Implementation:Microsoft Onnxruntime CPU BroadcastGradArgs
| Knowledge Sources | |
|---|---|
| Domains | Training, CPU_Kernels |
| Last Updated | 2026-02-10 04:00 GMT |
Overview
Concrete tool for computing broadcast gradient reduction axes on CPU in the ONNX Runtime training framework.
Description
This file implements the BroadcastGradientArgs kernel, which computes the axes along which gradients must be reduced when two tensors were broadcast together during the forward pass. Given two input shapes (A_shape and B_shape), it outputs two lists of axes: one for each input indicating which dimensions were broadcast (and thus need reduction in the backward pass). The algorithm right-aligns the two shapes and compares dimensions from the innermost outward, marking an axis for reduction if a dimension was 1 (and thus broadcast) or absent.

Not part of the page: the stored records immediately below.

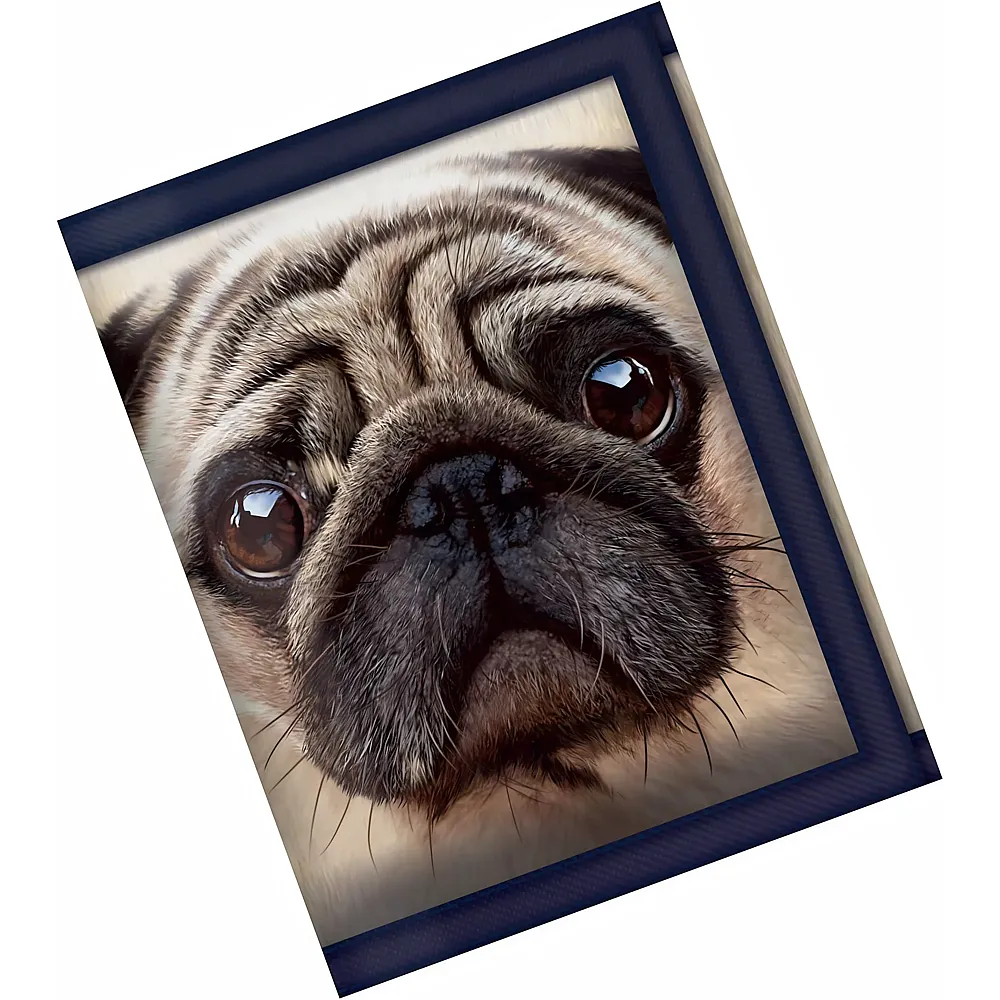 LiveLife 3D 3D Geldb�rse Mops - Suche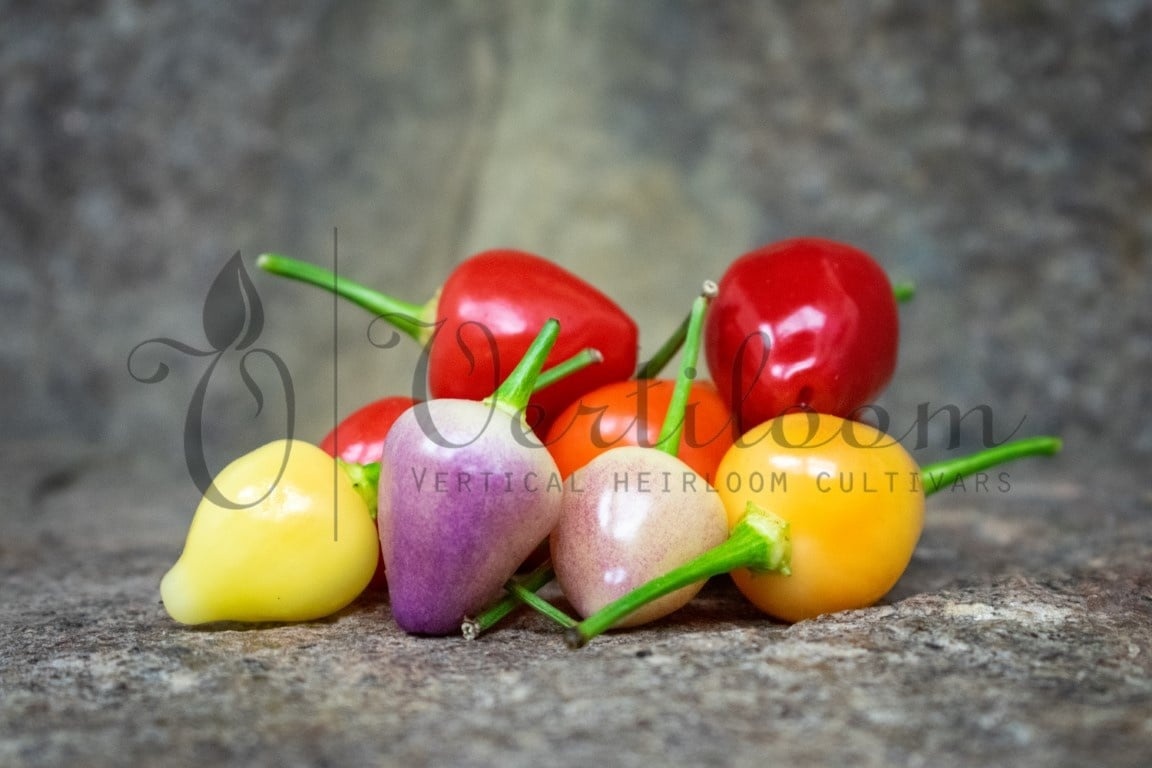 Chilli papričky - 3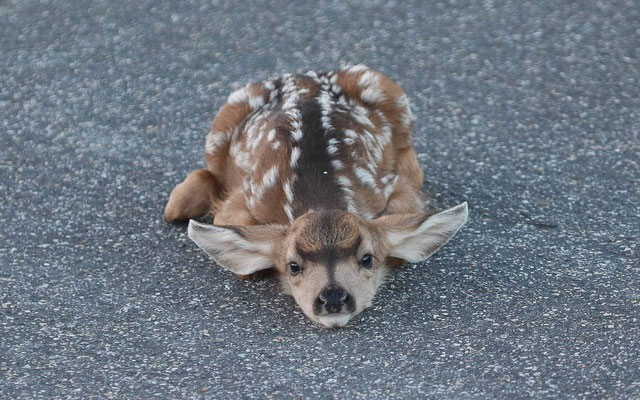 Picture 6 of Some surprising facts about animals that people with no knowledge of biology will definitely shock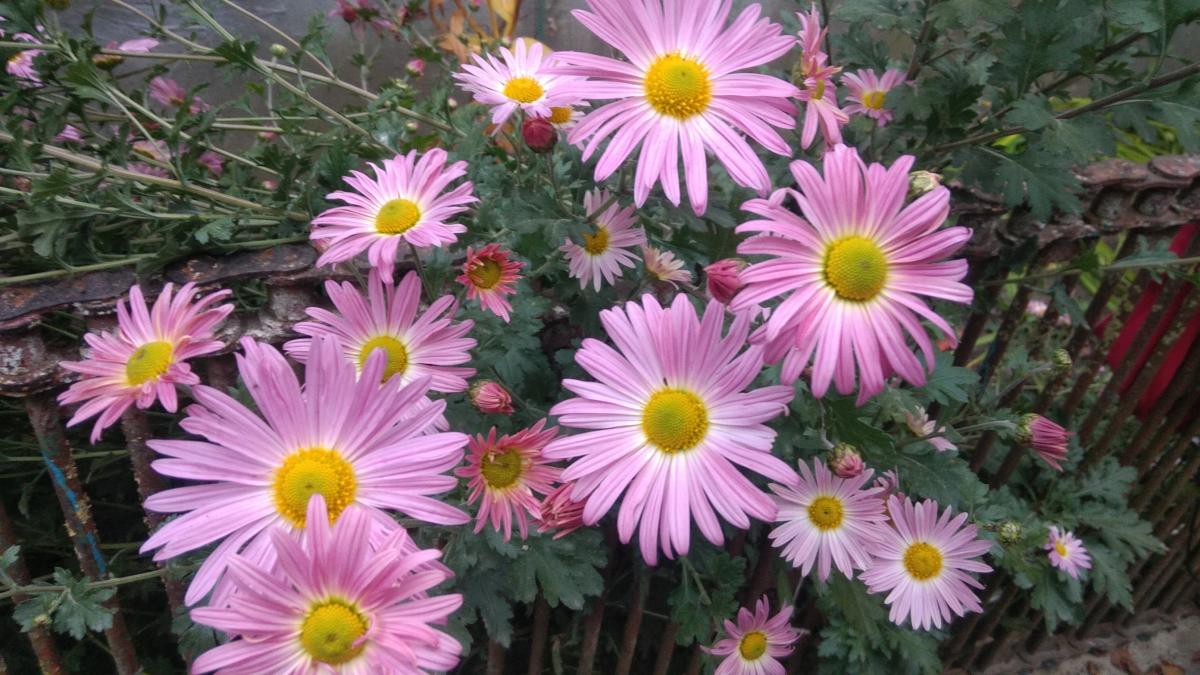 Нажмите на изображение для увеличения.

Название:	IMG_20211017_174209.jpg
Просмотров:	1
Размер:	141.1 Кб
ID:	10156589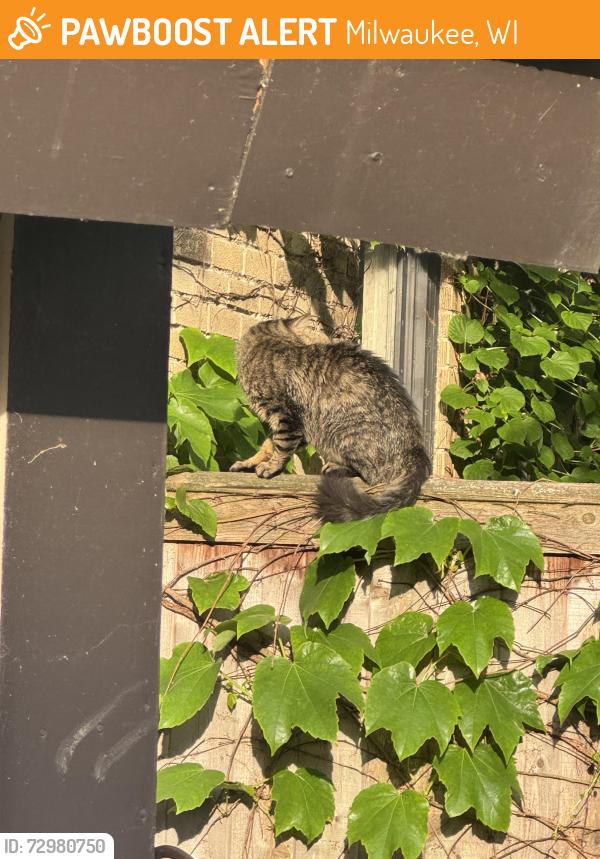 Found/Stray Unknown Cat last seen N Lake Dr & Edgewood Ave, Milwaukee, WI 53211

The kernel is registered under kMSDomain opset 1.
Usage
This kernel is used during the backward pass of any elementwise binary operation that involved broadcasting. The output axes are then used to reduce (sum) the gradient along the broadcast dimensions.
Code Reference
Source Location
- Repository: Microsoft_Onnxruntime
- File: orttraining/orttraining/training_ops/cpu/nn/broadcast_grad_args.cc
- Lines: 1-91
Signature
Status BroadcastGradientArgs::Compute(OpKernelContext* context) const;
Import
#include "orttraining/orttraining/training_ops/cpu/nn/broadcast_grad_args.h"
I/O Contract
Inputs
| Name | Type | Required | Description |
|---|---|---|---|
| A_shape | Tensor(int64) | Yes | Shape of the first input tensor |
| B_shape | Tensor(int64) | Yes | Shape of the second input tensor |
Outputs
| Name | Type | Description |
|---|---|---|
| A_axes | Tensor(int64) | Axes along which A must be reduced |
| B_axes | Tensor(int64) | Axes along which B must be reduced |
Usage Examples
ONNX_OPERATOR_KERNEL_EX(
BroadcastGradientArgs,
kMSDomain,
1,
kCpuExecutionProvider,
KernelDefBuilder()
.TypeConstraint("T", DataTypeImpl::GetTensorType<int64_t>()),
BroadcastGradientArgs);